→ Information supplied
----------

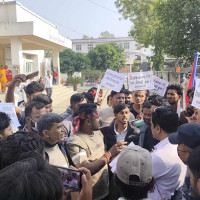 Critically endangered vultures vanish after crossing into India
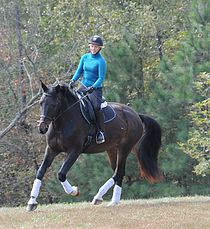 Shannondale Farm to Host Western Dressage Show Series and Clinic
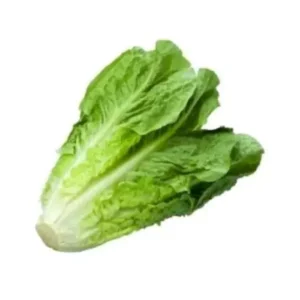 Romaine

----------

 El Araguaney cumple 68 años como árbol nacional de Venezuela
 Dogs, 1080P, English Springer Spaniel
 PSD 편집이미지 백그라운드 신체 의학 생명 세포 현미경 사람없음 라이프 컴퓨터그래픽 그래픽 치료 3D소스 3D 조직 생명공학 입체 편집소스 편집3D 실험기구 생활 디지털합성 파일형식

----------

→ How to complete this task
Within the material above, output exactly the lines from the one with "Dogs, 1080P, English Springer Spaniel" through the one with "PSD 편집이미지 백그라운드", end lines included, and nothing besides.

→ Answer section
 Dogs, 1080P, English Springer Spaniel
 PSD 편집이미지 백그라운드 신체 의학 생명 세포 현미경 사람없음 라이프 컴퓨터그래픽 그래픽 치료 3D소스 3D 조직 생명공학 입체 편집소스 편집3D 실험기구 생활 디지털합성 파일형식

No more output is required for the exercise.